→ **RECORDS TO PROCESS**:
━━━━
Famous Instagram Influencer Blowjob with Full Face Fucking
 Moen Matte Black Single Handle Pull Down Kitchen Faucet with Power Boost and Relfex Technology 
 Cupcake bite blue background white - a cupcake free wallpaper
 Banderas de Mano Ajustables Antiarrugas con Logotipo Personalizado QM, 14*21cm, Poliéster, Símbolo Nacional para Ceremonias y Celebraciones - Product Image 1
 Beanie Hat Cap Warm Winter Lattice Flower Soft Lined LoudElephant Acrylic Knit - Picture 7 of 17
━━━━
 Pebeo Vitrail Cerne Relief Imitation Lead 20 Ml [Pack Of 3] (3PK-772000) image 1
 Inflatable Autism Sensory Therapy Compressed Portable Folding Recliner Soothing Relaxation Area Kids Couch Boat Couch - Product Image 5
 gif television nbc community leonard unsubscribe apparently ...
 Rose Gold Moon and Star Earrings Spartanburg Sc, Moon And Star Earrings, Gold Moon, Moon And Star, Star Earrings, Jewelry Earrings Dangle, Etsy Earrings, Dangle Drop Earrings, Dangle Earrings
━━━━
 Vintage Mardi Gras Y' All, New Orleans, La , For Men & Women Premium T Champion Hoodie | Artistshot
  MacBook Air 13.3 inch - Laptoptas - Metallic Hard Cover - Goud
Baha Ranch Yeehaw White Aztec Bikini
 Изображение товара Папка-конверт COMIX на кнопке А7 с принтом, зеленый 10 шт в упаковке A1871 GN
━━━━
→ **TASK OBJECTIVE**: Your task is to retype the entries verbatim, starting with the line that holds "gif television nbc" and stopping after the line that holds "Rose Gold Moon".

→ **WORKED SOLUTION**:
 gif television nbc community leonard unsubscribe apparently ...
 Rose Gold Moon and Star Earrings Spartanburg Sc, Moon And Star Earrings, Gold Moon, Moon And Star, Star Earrings, Jewelry Earrings Dangle, Etsy Earrings, Dangle Drop Earrings, Dangle Earrings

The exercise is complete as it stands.